### Activity:
The records must be retyped exactly, with no pictures included.

### Records for the task:
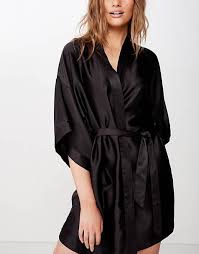 Remplacez votre vieux peignoir par du satin du printemps à l'automne ! Robes De Chambre Femme Peignoirs Femme Asos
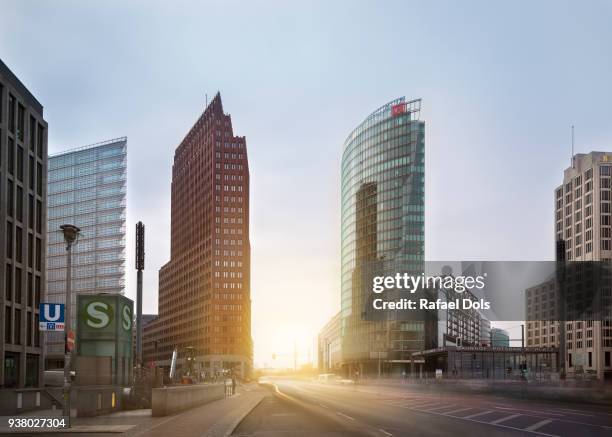 potsdamer platz at sunset, berlin - postdamer platz stock-fotos und bilder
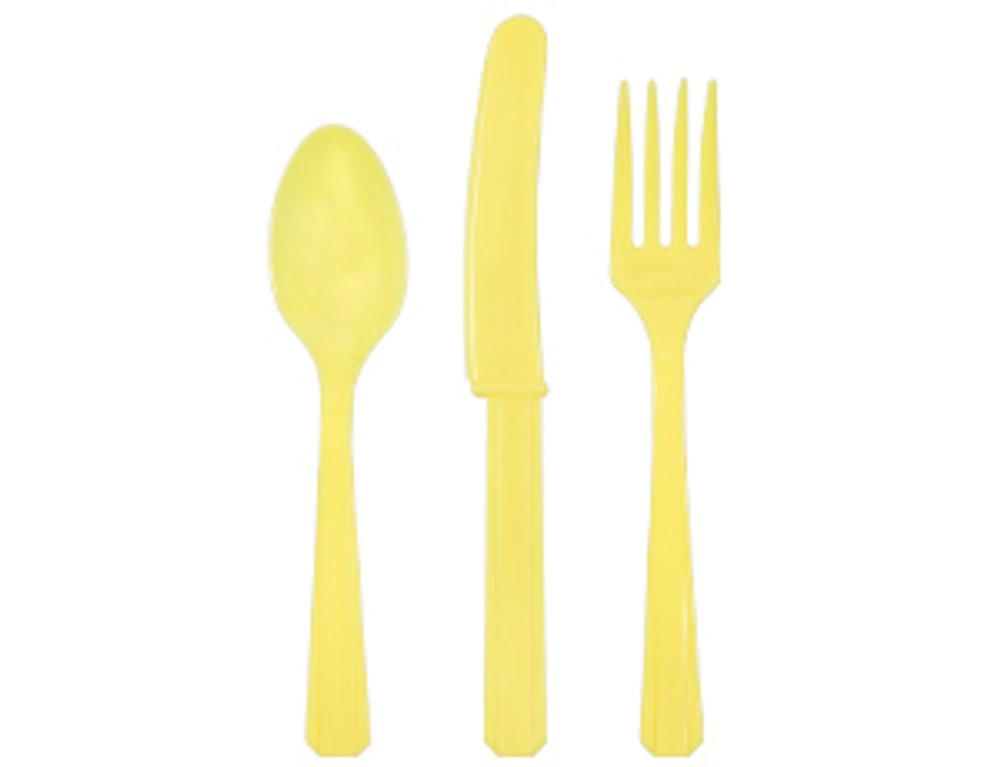 Столовые приборы в ассортименте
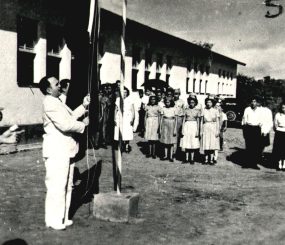 Memória – Inauguração da escola Alexandre Vaz Tavares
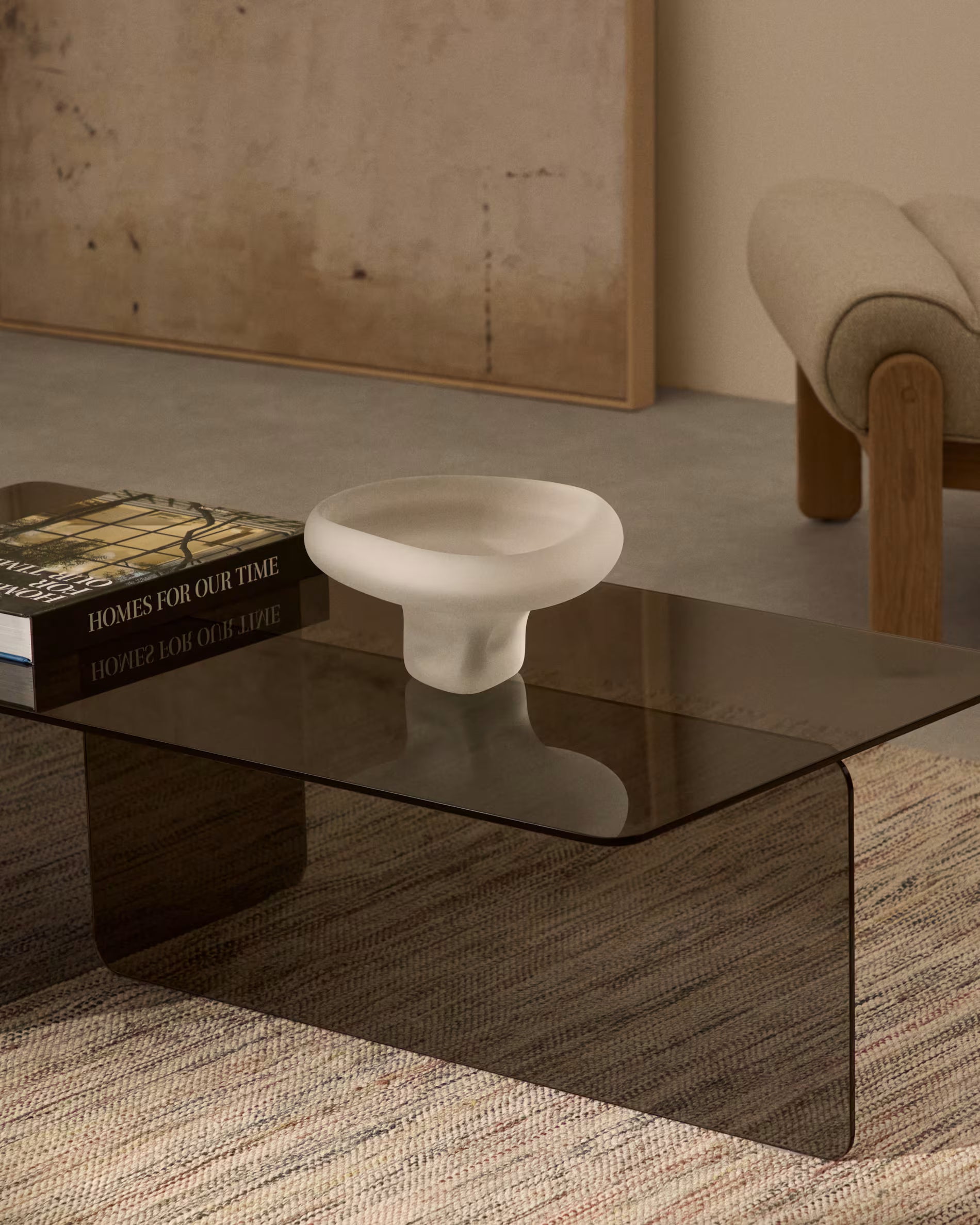 Ondaro frosted glass centrepiece 15cm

### Response to the task:
 Remplacez votre vieux peignoir par du satin du printemps à l'automne ! Robes De Chambre Femme Peignoirs Femme Asos
 potsdamer platz at sunset, berlin - postdamer platz stock-fotos und bilder
 Столовые приборы в ассортименте
 Memória – Inauguração da escola Alexandre Vaz Tavares
 Ondaro frosted glass centrepiece 15cm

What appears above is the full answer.